A visita aos Kalankó fez parte dos trabalhos da Fiscalização Preventiva Integrada do São Francisco da Tríplice Divisa, uma grande força-tarefa, que envolve 21 instituições, estaduais e federais, em defesa do Velho Chico, da saúde da população ribeirinha e das comunidades tradicionais que vivem no entorno do manancial. “Viemos fazer um levantamento das condições socioambientais dessas comunidades que têm ligação com o Rio São Francisco, na perspectiva de conhecê-las para atuar na defesa do Velho Chico e dos seus povos, com uma maior eficácia”, acrescentou o antropólogo do MPF em Alagoas.

Os Kalankó

Em Alagoas, são aproximadamente 320 índios na aldeia Kalankó, divididos em três núcleos: Januária, Gregório e Lageiro do Couro. E diante de todas as dificuldades encontradas para se manter um povo indígena, os moradores da comunidade resistem, eles não querem se esquecer de suas origens.

Apesar de não terem um local adequado para praticar seus rituais, periodicamente, eles se reúnem nas matas para dançar o ‘poró’, ritual sagrado de celebração criado pela própria tribo.
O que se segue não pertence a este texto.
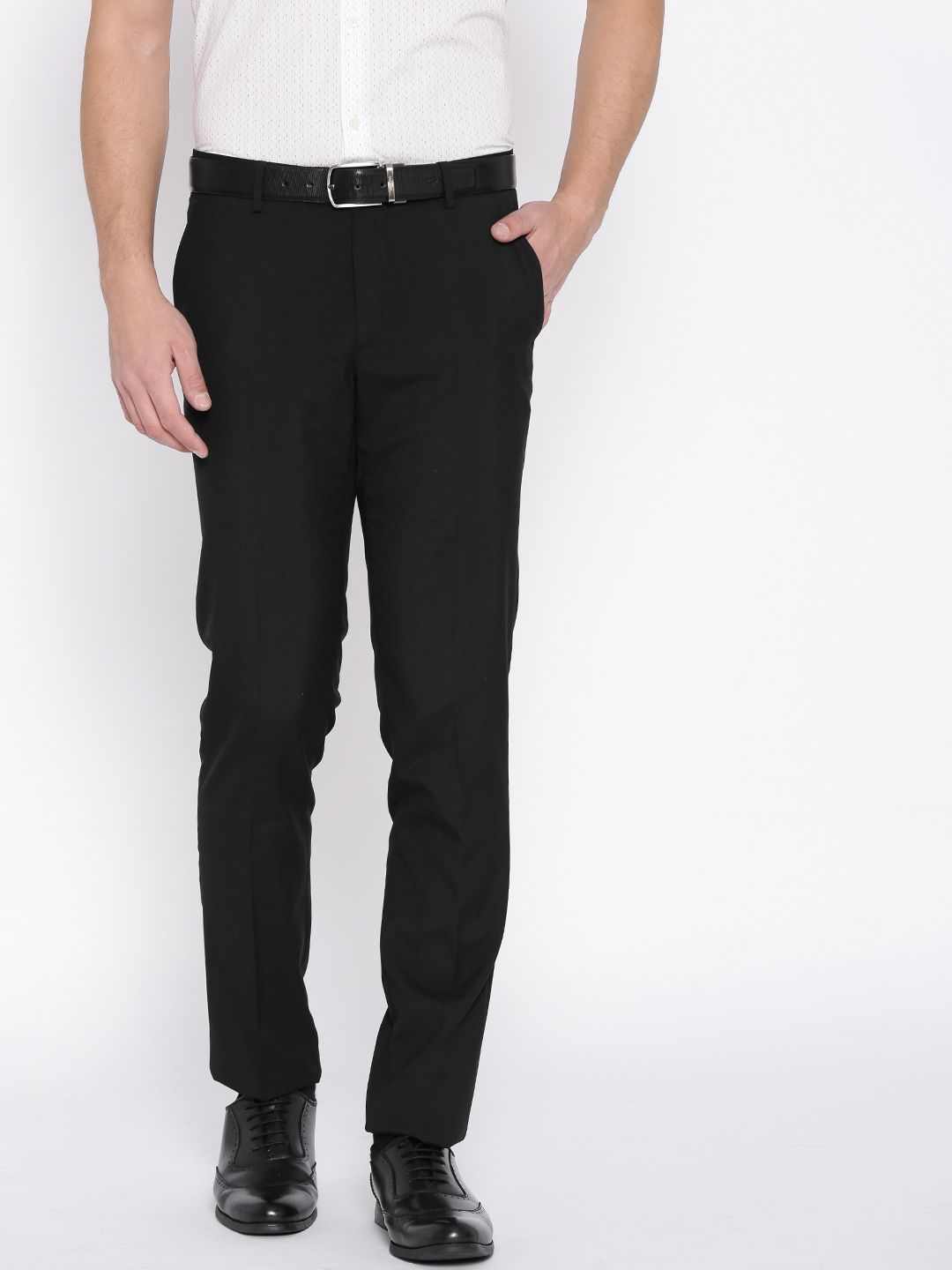 John Players Men Black Slim Fit Solid Formal Trousers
“A colonização do Nordeste se serviu do Rio São Francisco para chegar ao interior da região e os grupos indígenas daqui foram os que mais sofreram, tanto pela violência das armas, quanto pelas doenças trazidas. Não à toa os índios do Sertão são a mais viva expressão da resistência do povo nordestino. Essa bravura é mais uma herança deles aos brasileiros. São eles que decidem sobre a manutenção ou não dos seus valores”, esclareceu Ivan Farias.